**DIRECTIONS:**
Transcribe exactly, leaving out pictures, the lines from the one that holds "2.5 TRIỆU THUÊ" through the end of the data below, including both end lines and no others.

**GIVEN INFORMATION:**
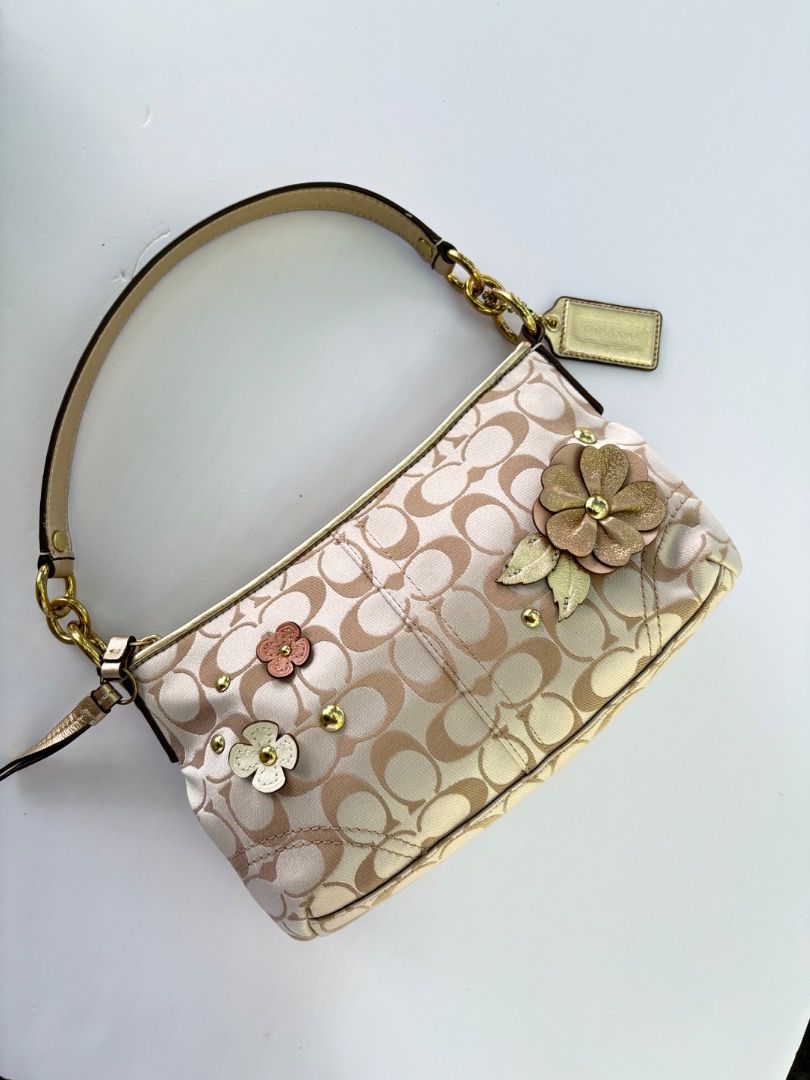 Coach Bag (Category: Luxury Bags & Wallets) located in Samal. Submitted by selleynxcoach373 (Listing ID 1465960408, Image 3). Description: Open for layaway - fixed price - Inclusions: Comes with authenticitycards as shown in photos - Condition: Guaranteed authentic and good as new -Bataan loc .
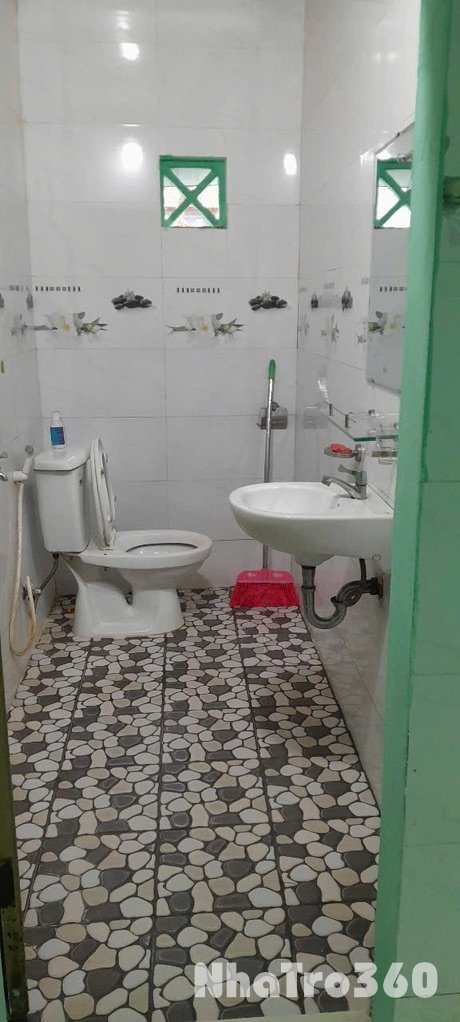 2.5 TRIỆU THUÊ NHÀ TRUNG TÂM TP, GẦN TIỆN ÍCH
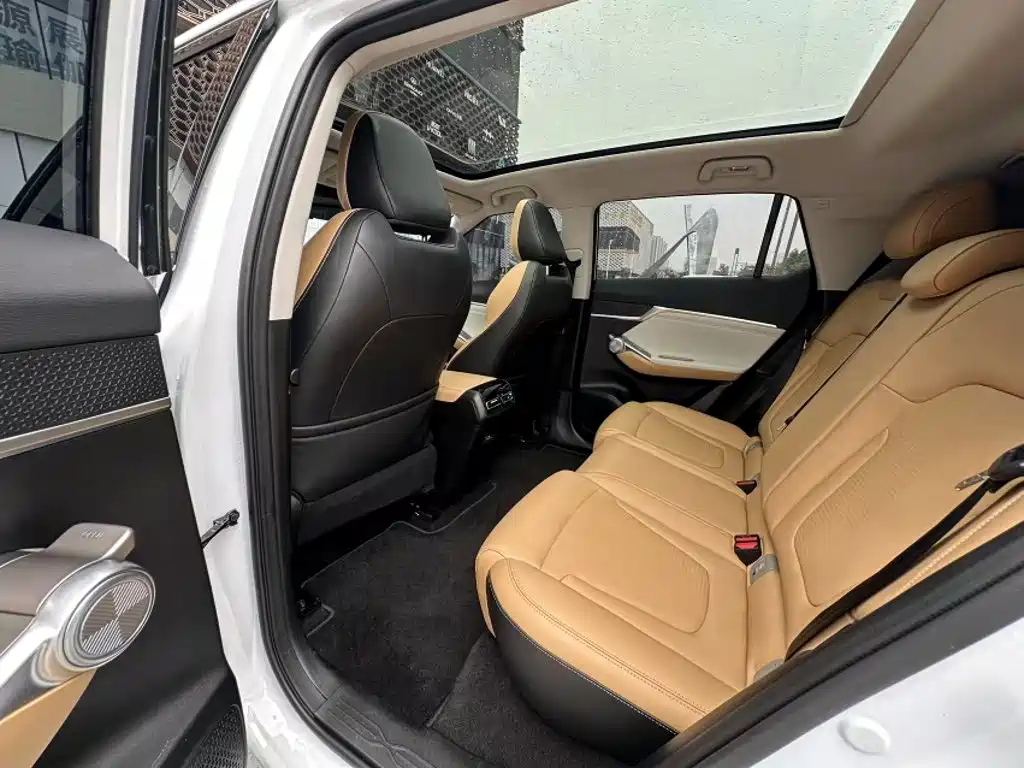 GAC Motor Shadow Cool — фото 14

**OUTPUT:**
 2.5 TRIỆU THUÊ NHÀ TRUNG TÂM TP, GẦN TIỆN ÍCH
 GAC Motor Shadow Cool — фото 14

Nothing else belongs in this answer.